Verdict: Not viable for a production rotation service. The restart-mid-rotation risk alone rules it out. The $150/mo separation cost is the correct expense for the isolation this use case requires.


(d) AWS-native: ECS Fargate + RDS PostgreSQL

Raxx already has AWS account 521228113048. SSM Parameter Store is already in use for AWS-resident workloads.

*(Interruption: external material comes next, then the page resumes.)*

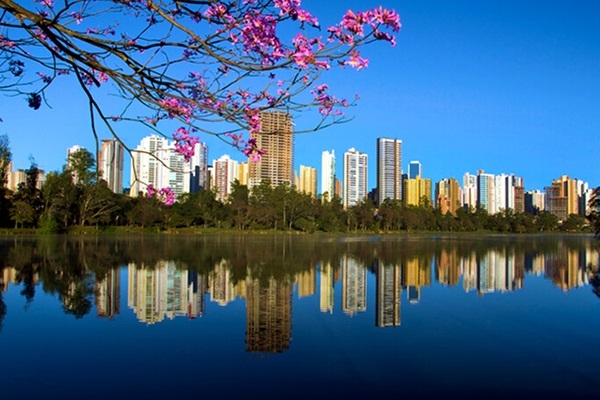 Fotos das cidades de São Paulo e Florianópolis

Pricing (us-east-1, May 2026):

Resource Config Monthly estimate
Fargate task (prod) 0.25 vCPU, 0.5 GB RAM, ~730 hrs/mo ~$7.70 compute + ~$1.20 memory = ~$9/mo
Fargate task (staging) Same ~$9/mo
RDS PostgreSQL t3.micro (prod) 1 GB RAM, 2 vCPU, 20 GB gp3 storage ~$22/mo instance + ~$2.30/mo storage = ~$24/mo
RDS PostgreSQL t3.micro (staging) Same ~$24/mo
ALB (Application Load Balancer, prod) ~$16/mo base + LCU charges ~$18/mo
ALB (staging) Same ~$18/mo
ECR (container registry) Minimal at this scale ~$1/mo
CloudWatch logs Minimal ~$2/mo
Total AWS-native ~$105/mo

Notes on these estimates: - Fargate pricing: $0.04048/vCPU-hr + $0.004445/GB-hr (us-east-1, Linux/x86). Source: aws.amazon.com/fargate/pricing/ - RDS t3.micro: ~$0.018/hr on-demand = ~$13/mo; t3.small ~$0.036/hr = ~$26/mo. Source: instances.vantage.sh/aws/rds/db.t3.micro With 20 GB gp3 storage at $0.115/GB-mo = $2.30/mo. - ALB: $0.008/LCU-hr + $0.0225/ALB-hr base = ~$16-18/mo at very low traffic. - RDS t3.micro does not include read replicas or Multi-AZ. Multi-AZ doubles the RDS cost (~$26/mo → ~$52/mo per instance).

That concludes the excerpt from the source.